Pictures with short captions
● ● ● ● ● ● ●

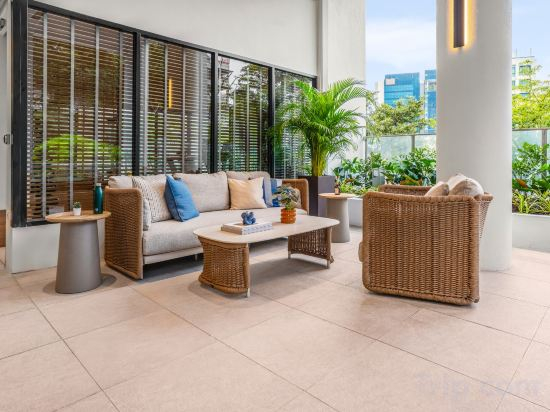 Hotel Interior/Public Areas 3, Weave Suites - Novena (New Opening in April 2026), Singapore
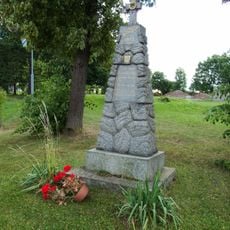 Pomník padlých
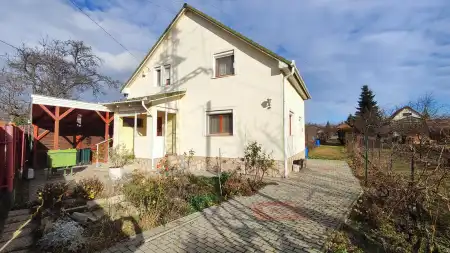 Eladó családi ház, Diósd 2+1 szoba 109 m² 81.9 M Ft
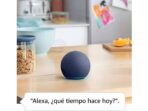 Assistente inteligente ECHO Dot 5 (Alexa - Preto) - Imagem 3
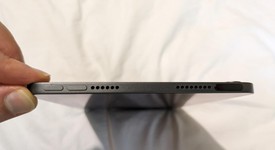 Mint
													Apple iPad Mini 6th Gen - Wi-Fi, Gray, 256 GB, A2567, photo 4 of 11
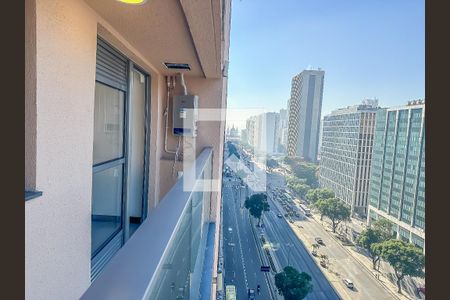 Apartamento para alugar com 2 quartos, 60m² em Centro, Rio de Janeiro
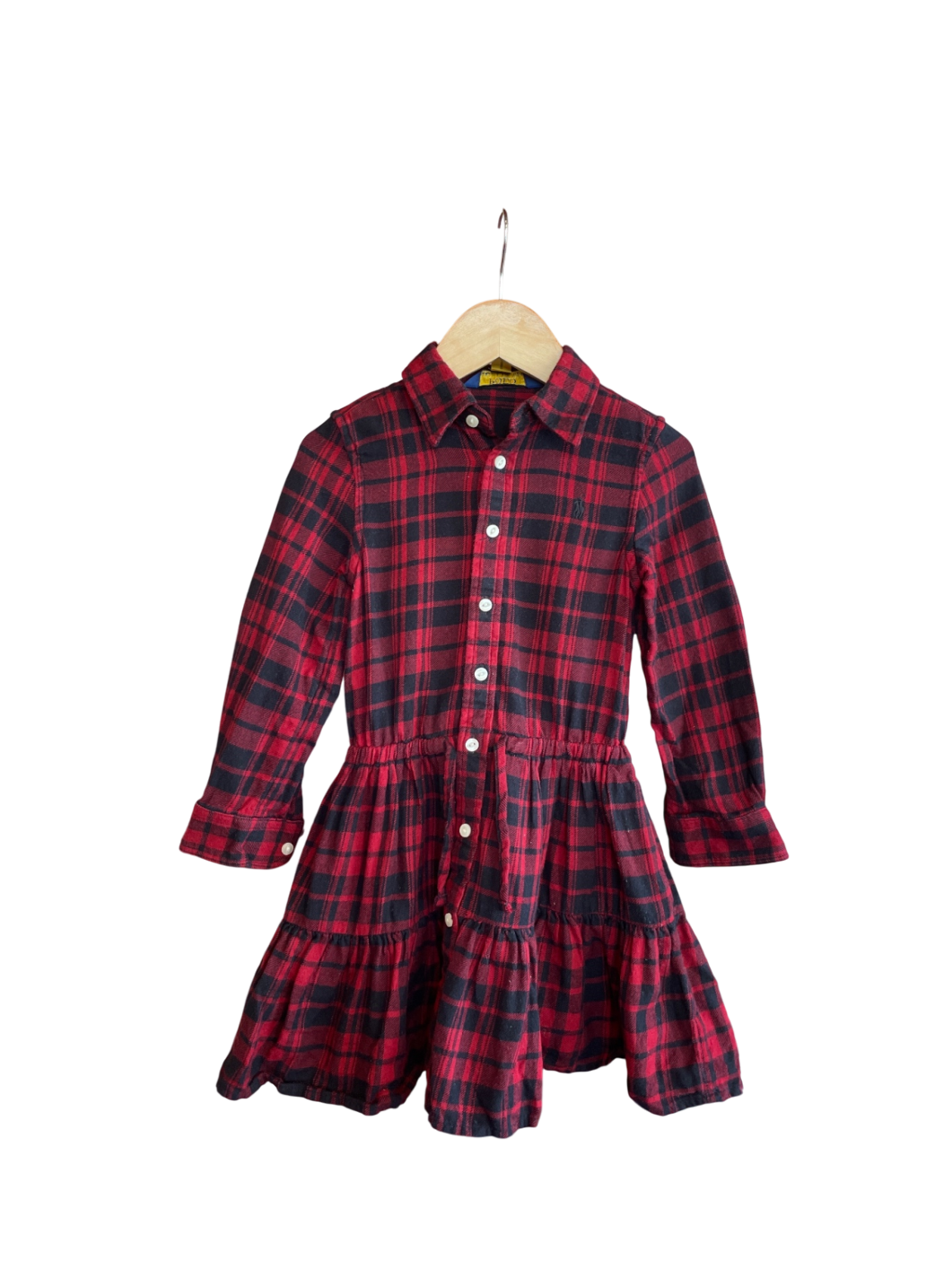 Polo Ralph Lauren Dress 104 Good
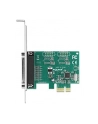 DeLOCK PCI Express card 1 x IEEE1284 parallel, adapters - nr 14
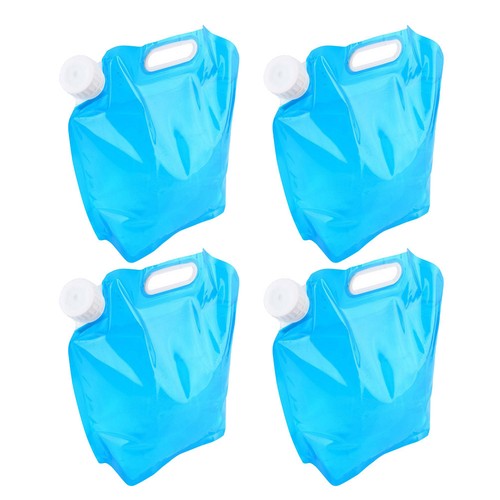 Pezzi sacchetti acqua - pezzi,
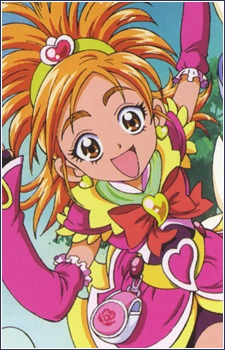 pretty cure 97584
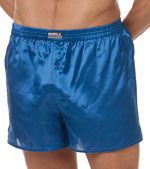 Mansilk Satin Boxer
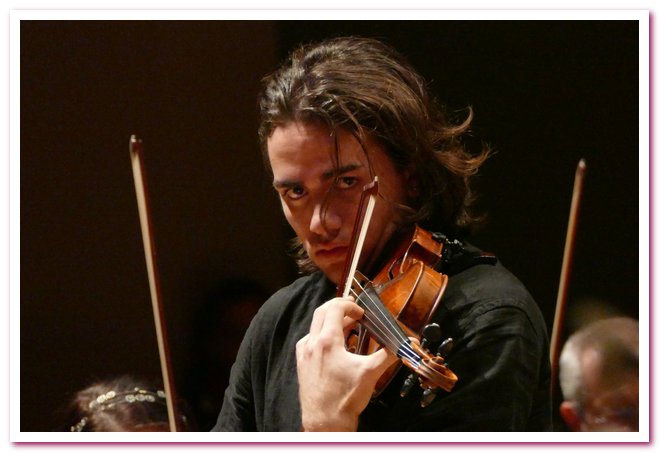 Pomeriggi Musicali Giancarlo Rizzi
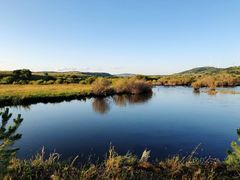 -塞罕坝国家级自然保护区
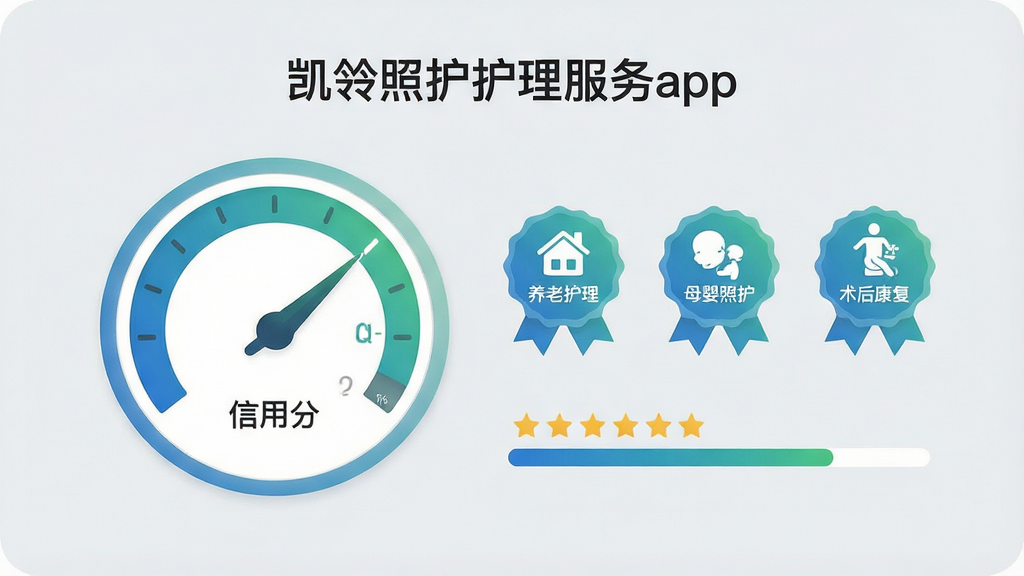 һ�ű�ƽ����Ϣͼ�����ͼƬ����������չʾ������ջ���������app����������ϵ���棬�����һ��Բ�ε����÷��Ǳ��̣�ָ��ָ��߷������Ҳ��г������ϻ�������ĸӤ�ջ��������󿵸����������ܻ���ͼ�꣬�·����Ǽ����۽�����������Ϊ��͵�ǳ��ɫ��ͼ��ʹ������ɫ���䣬����Լ���񣬻��ʸɾ����䣬���ֱ�ǩ�����ɶ����޶���װ��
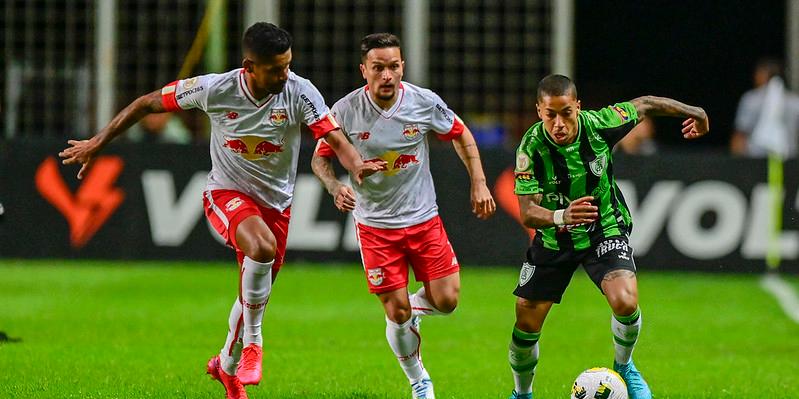 (Foto: Mourão Panda / América)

● ● ● ● ● ● ●

PROBLEM DETAILS:
Output only the lines running from the one containing "-塞罕坝国家级自然保护区" to the end of the records, inclusive and exact; skip the pictures.

YOUR RESPONSE:
 -塞罕坝国家级自然保护区
 һ�ű�ƽ����Ϣͼ�����ͼƬ����������չʾ������ջ���������app����������ϵ���棬�����һ��Բ�ε����÷��Ǳ��̣�ָ��ָ��߷������Ҳ��г������ϻ�������ĸӤ�ջ��������󿵸����������ܻ���ͼ�꣬�·����Ǽ����۽�����������Ϊ��͵�ǳ��ɫ��ͼ��ʹ������ɫ���䣬����Լ���񣬻��ʸɾ����䣬���ֱ�ǩ�����ɶ����޶���װ��
 (Foto: Mourão Panda / América)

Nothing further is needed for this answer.